DATA LISTING Start Marker

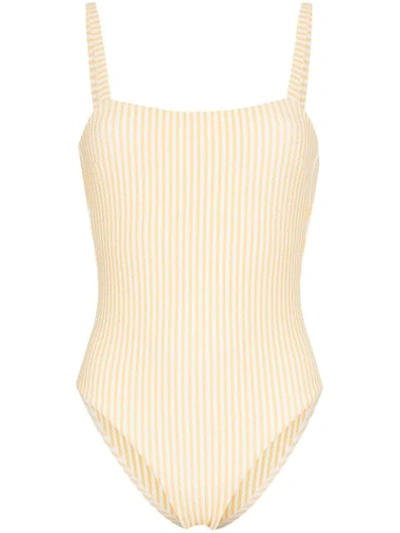 Shop Asceno Classic One-piece Swimsuit - Yellow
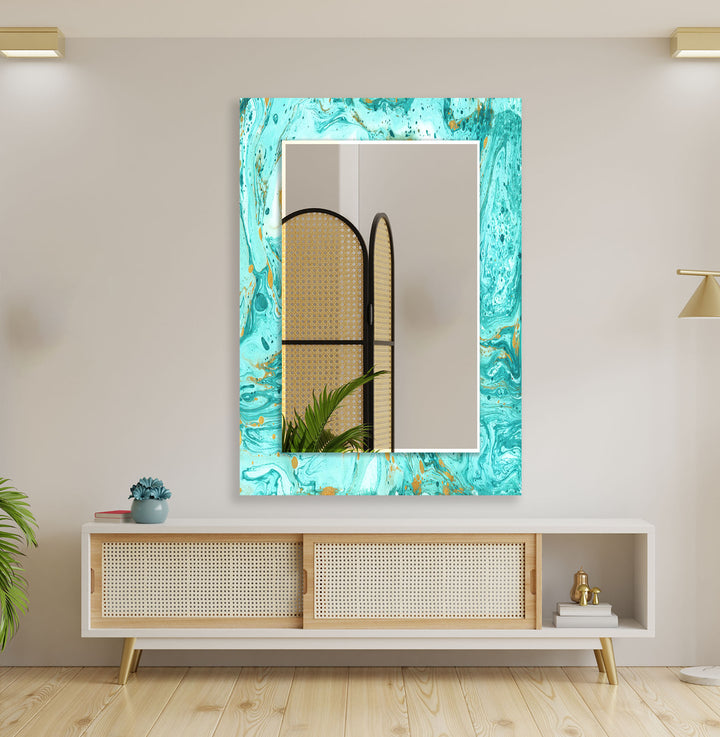 Turquoise & Golden Wall Mirrors unique mirrors
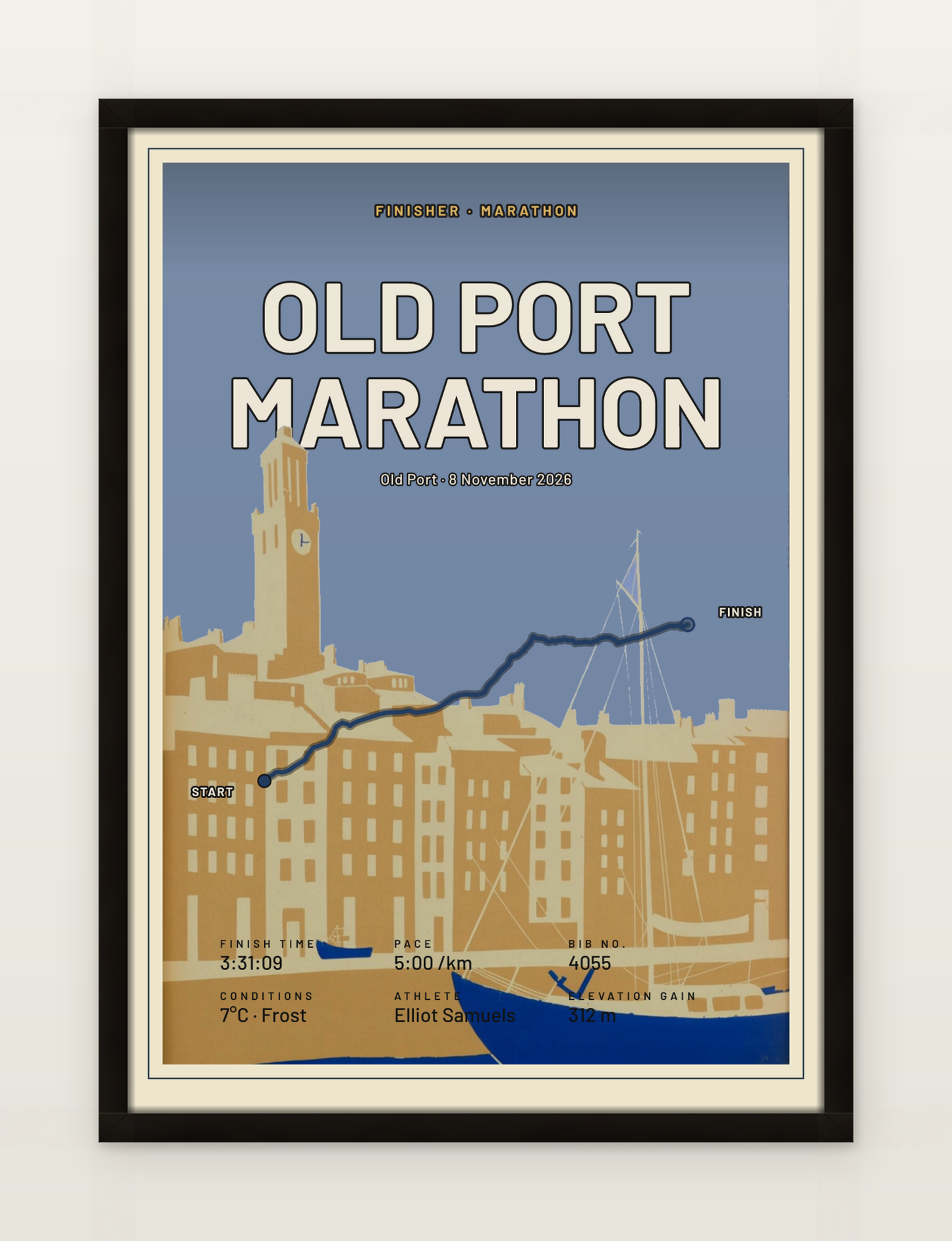 Old Port Marathon poster, framed on a wall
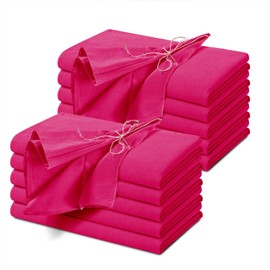 NSGZ 12Pack Linen Dinner Napkins, 20x20 Inch Linen Napkins Hot Pink Washable Dinner Napkins Flax Dinner Cloth Napkins Cotton Linen Napkins, Hemstitch Linen Napkins for Dinner, Wedding, Restaurant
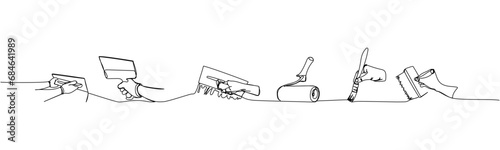 Set of paint roller and brushes, plaster spatula, repair tools one line art. Continuous line drawing of repair, professional, service, concept, support, maintenance, work, technician. photo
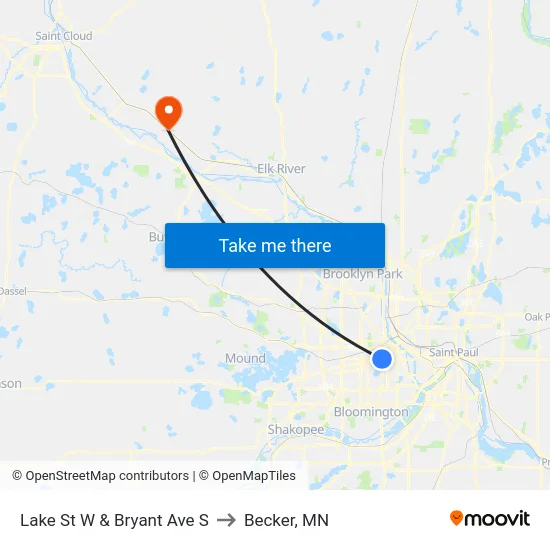 Lake St W & Bryant Ave S to Becker, MN map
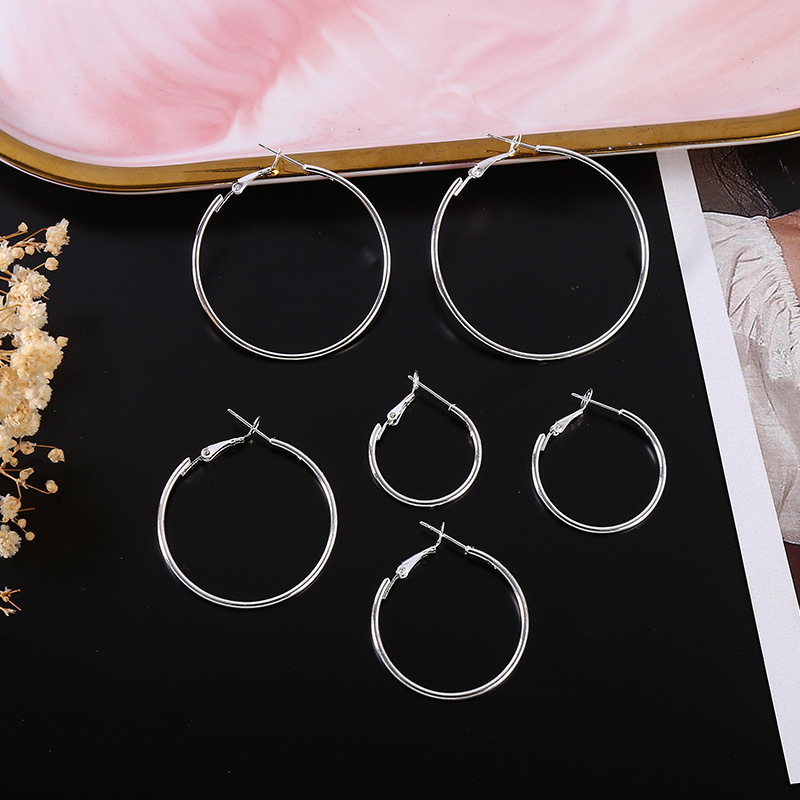 Europe And The United States Jewelry Fashion Selling Personality Circle Exaggerated Earrings Female Multi-Piece Earring C Type Earring Manufacturers Direct Sales Specification drawing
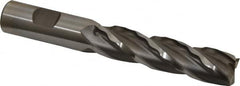 Weldon - 3/4" Diam, 3" LOC, 4 Flute High Speed Steel Roughing & Finishing Square End Mill - Uncoated, 5-1/4" OAL, 3/4" Shank Diam, Weldon Shank, 30° Helix, Centercutting, Regular Length - Americas Industrial Supply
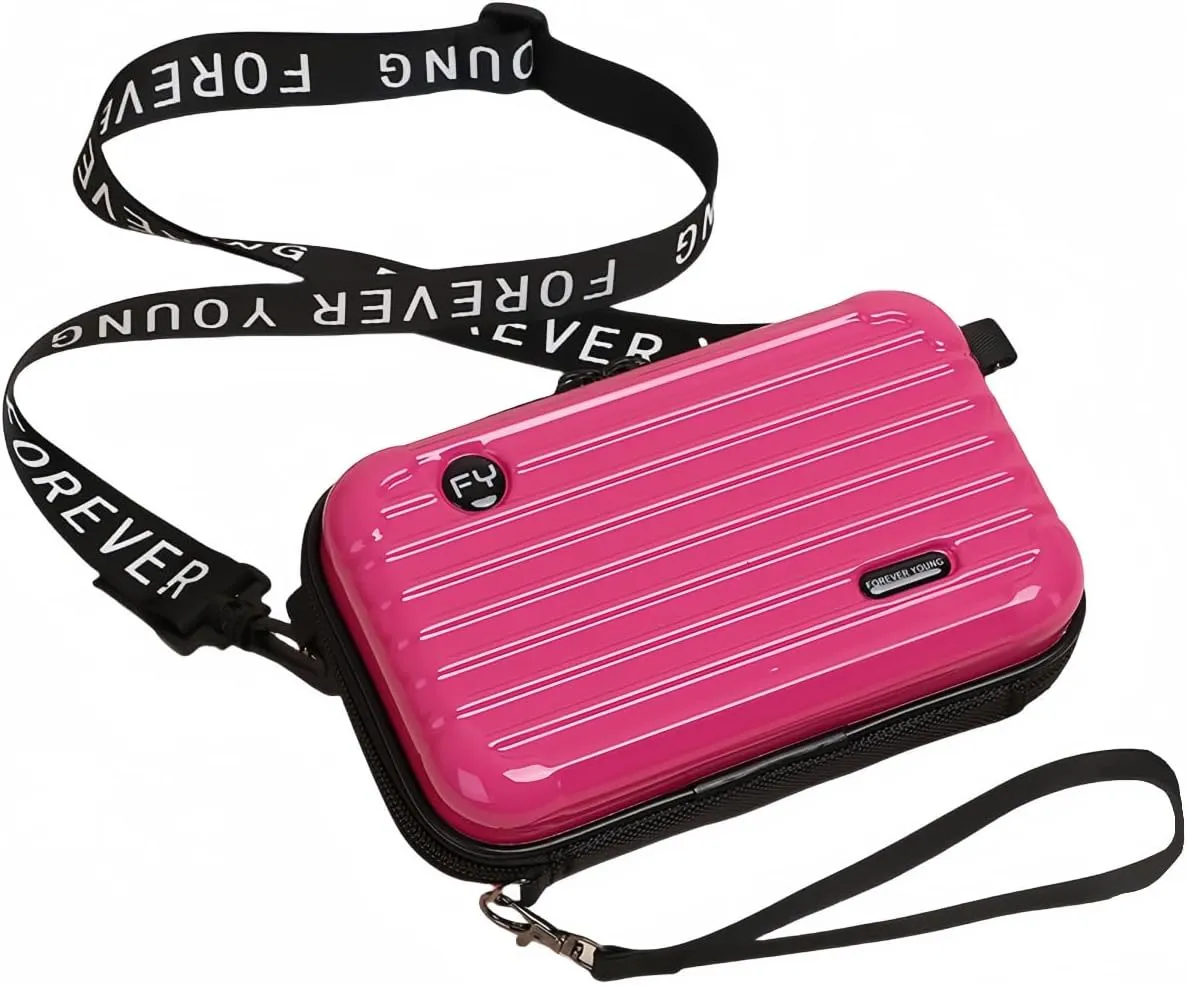Mini Luggage Crossbody Bag - Stylish and Durable Hard Shell Travel Purse with Adjustable Forever Young Strap for Women - Rose Red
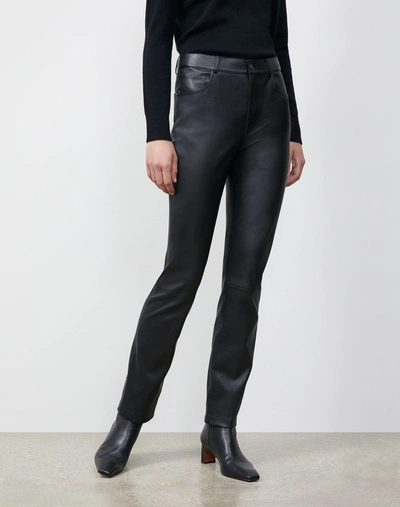 Lafayette 148 Reeve Trouser In Silky Stretch Nappa In Black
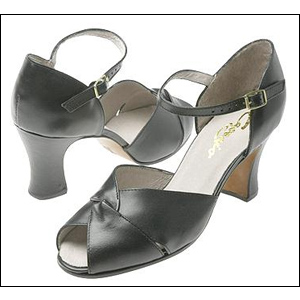 Capezio "Cabaret" Professional Character Shoe Style #: CABARET. Sleek open toe sandal. Classic ankle strap. Signature knot across the top of the toes. Full grain leather upper. Leather sole and top lift. Fully leather lined. Cushioned suede socklining. Extra sturdy full breasted 2-3/4 inch heel for professional quality support.

*** Allow 4-6 Weeks Shipping On Gold Color ***
*** Did you know? This shoe can also be made in variety of other leather and satin colors. $50.00 additional charge. Call for details ***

DATA LISTING End Marker

- EXERCISE DIRECTIONS
At the line containing "professional quality support.", begin reproducing the entries word for word, and continue through their last line. Leave out the pictures.

- ANSWER AREA
 Capezio "Cabaret" Professional Character Shoe Style #: CABARET. Sleek open toe sandal. Classic ankle strap. Signature knot across the top of the toes. Full grain leather upper. Leather sole and top lift. Fully leather lined. Cushioned suede socklining. Extra sturdy full breasted 2-3/4 inch heel for professional quality support.

*** Allow 4-6 Weeks Shipping On Gold Color ***
*** Did you know? This shoe can also be made in variety of other leather and satin colors. $50.00 additional charge. Call for details ***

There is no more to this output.